* Records shown:
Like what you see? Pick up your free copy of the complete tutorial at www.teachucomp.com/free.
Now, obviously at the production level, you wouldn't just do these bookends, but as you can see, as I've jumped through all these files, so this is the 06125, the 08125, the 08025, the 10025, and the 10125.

---

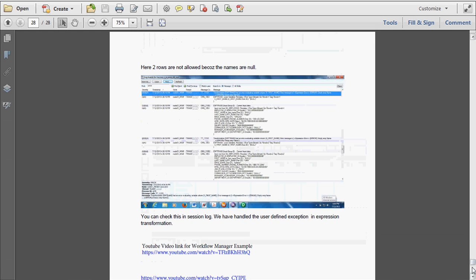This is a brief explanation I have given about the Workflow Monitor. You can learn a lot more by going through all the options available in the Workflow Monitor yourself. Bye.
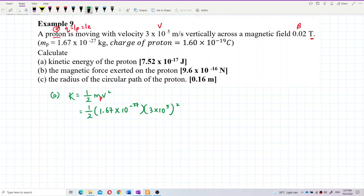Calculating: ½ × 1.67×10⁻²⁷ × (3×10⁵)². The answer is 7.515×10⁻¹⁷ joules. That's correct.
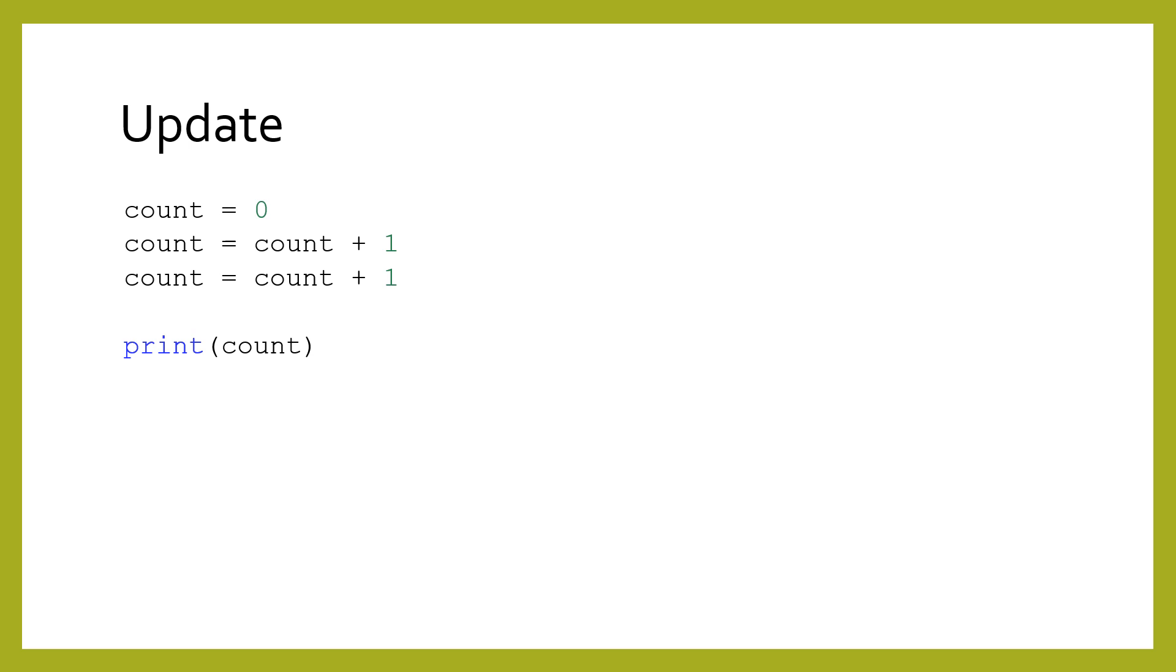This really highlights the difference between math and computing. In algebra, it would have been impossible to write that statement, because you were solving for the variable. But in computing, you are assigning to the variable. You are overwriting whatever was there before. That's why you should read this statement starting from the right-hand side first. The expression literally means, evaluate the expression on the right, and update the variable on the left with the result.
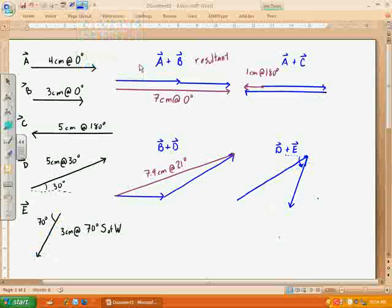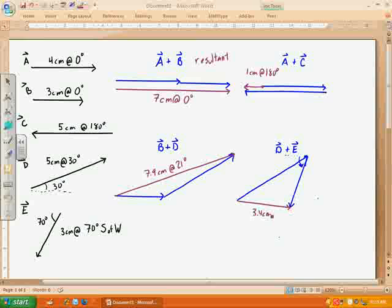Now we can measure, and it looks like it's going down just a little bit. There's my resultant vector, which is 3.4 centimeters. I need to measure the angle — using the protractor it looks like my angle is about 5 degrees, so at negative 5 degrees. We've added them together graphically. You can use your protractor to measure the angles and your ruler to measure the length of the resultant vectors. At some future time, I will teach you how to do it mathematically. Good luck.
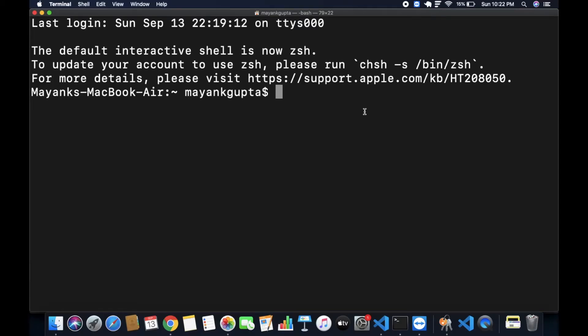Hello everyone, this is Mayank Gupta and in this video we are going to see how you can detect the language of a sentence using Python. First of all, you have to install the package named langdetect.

...

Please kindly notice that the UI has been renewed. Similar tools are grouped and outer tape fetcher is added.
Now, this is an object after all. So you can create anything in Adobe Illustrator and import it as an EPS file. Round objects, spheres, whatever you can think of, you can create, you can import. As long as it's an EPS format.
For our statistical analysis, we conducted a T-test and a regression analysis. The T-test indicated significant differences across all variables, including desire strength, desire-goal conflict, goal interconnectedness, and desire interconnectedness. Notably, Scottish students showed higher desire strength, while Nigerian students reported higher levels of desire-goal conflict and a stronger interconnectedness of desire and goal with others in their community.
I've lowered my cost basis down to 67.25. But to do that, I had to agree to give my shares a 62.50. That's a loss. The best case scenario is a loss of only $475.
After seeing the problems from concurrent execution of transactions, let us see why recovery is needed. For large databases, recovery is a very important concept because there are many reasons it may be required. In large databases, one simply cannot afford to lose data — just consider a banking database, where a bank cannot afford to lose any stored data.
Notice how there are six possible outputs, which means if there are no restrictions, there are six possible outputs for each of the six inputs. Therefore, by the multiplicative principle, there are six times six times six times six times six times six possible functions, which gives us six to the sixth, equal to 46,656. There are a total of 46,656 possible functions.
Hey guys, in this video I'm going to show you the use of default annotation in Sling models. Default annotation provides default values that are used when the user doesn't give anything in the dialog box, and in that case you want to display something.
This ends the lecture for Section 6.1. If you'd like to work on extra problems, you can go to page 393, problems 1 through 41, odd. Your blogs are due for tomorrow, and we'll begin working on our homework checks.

* How to complete this task:
Restate word for word the entries above, starting at the line with "Like what you" and ending at the line with "Now, obviously at", inclusive, and no others.

* Reply to the exercise:
Like what you see? Pick up your free copy of the complete tutorial at www.teachucomp.com/free.
Now, obviously at the production level, you wouldn't just do these bookends, but as you can see, as I've jumped through all these files, so this is the 06125, the 08125, the 08025, the 10025, and the 10125.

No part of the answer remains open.